As part of their research, the team shot hundreds of hours of reference footage: wind ripples on the surface of water, waves hitting rocks, the movement of seaweed. Saindon enlisted a friend to get dunked on camera so that the team could study the effects of water on curly hair. “Our pool was not the warmest thing in the world. I don’t think she’d do it again for us,” he said. Cameron himself provided reference material from his own deep-sea dives.
Weta pioneered ways to make things look wetter, recently filing a patent application for “methods of generating visual representations of a collision between an object and a fluid.” This innovation was especially useful in one sequence where a human character, named Spider, emerges onto some rocks by a group of Na’vi, dripping with water. The shots blend live-action footage of the actor Jack Champion, who was filmed in a wave pool, with the CG Na’vi.
As Saindon pointed out, the simulated water on the Na’vi had to look just as convincing as the actual water on the human character “because you’re comparing it to a live-action element in the same shot. And we don’t want you thinking about that.”
Considerable horsepower is required, too. For that scene alone, it took two weeks for Weta’s systems to simulate just the movement of the water.
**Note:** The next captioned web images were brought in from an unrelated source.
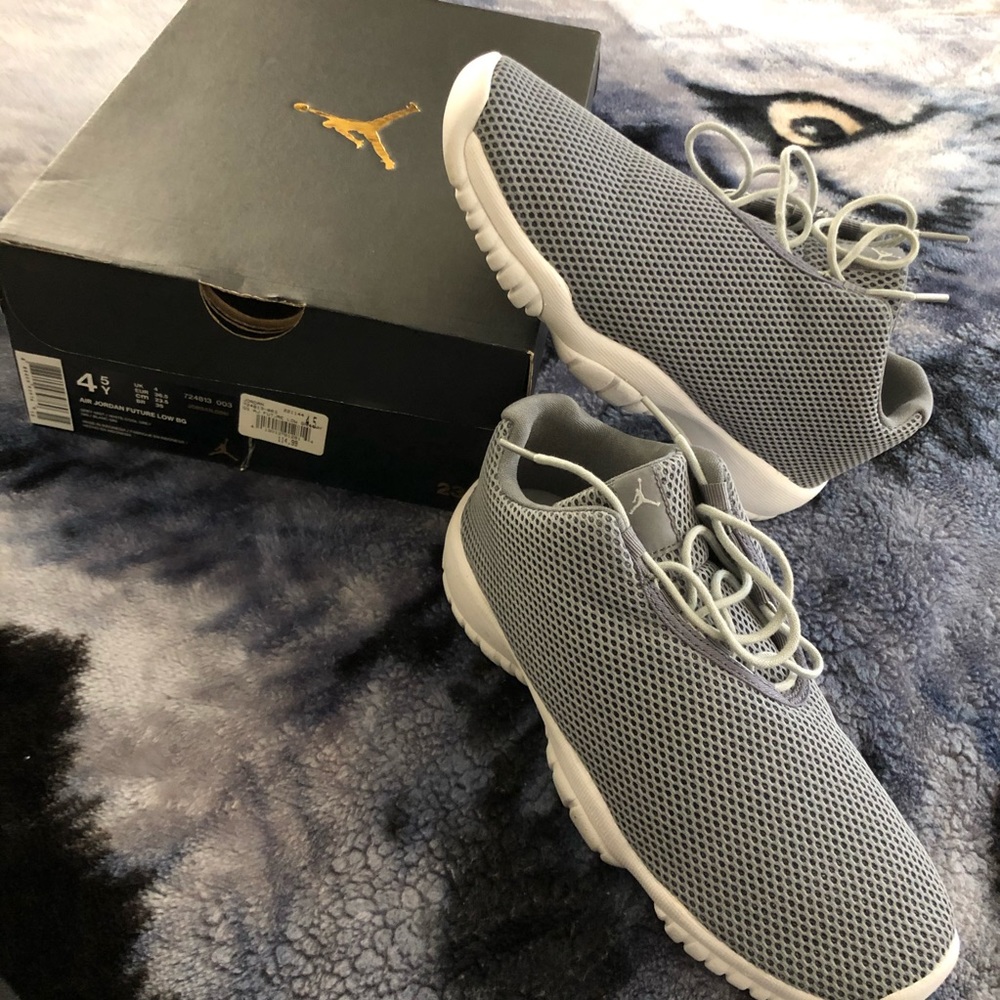 Jordan future lows!Worn only once.Make me an offer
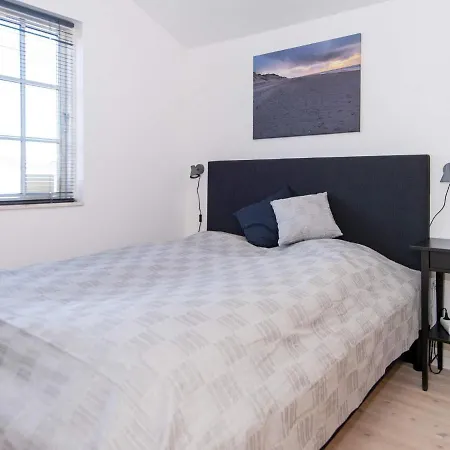 Three-bedroom Holiday In Hvide Sande 2 * Norre Lyngvig
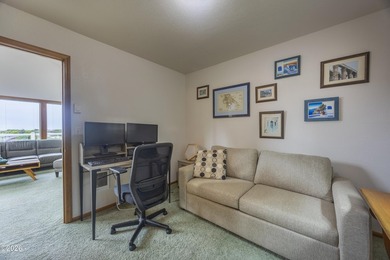 Beautifully maintained Oregon Coast home has just become - photo 28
That’s before the millions of processor hours required to render the graphics. (The total amount of data stored for this film was 18.5 petabytes, while “Avatar” required one petabyte.)
Another sequence features boats crashing through entirely simulated waves. “Everyone will just assume we were out on the open ocean,” Saindon said.
While the results are in a sense spectacular, the point of this kind of painstaking work is not to draw attention to itself. “It’s not about crazy moments that yell out ‘visual effects.’ These are just effects that make the film work,” he said. “We just want people to watch the film and be swept away, and forget that we did anything.”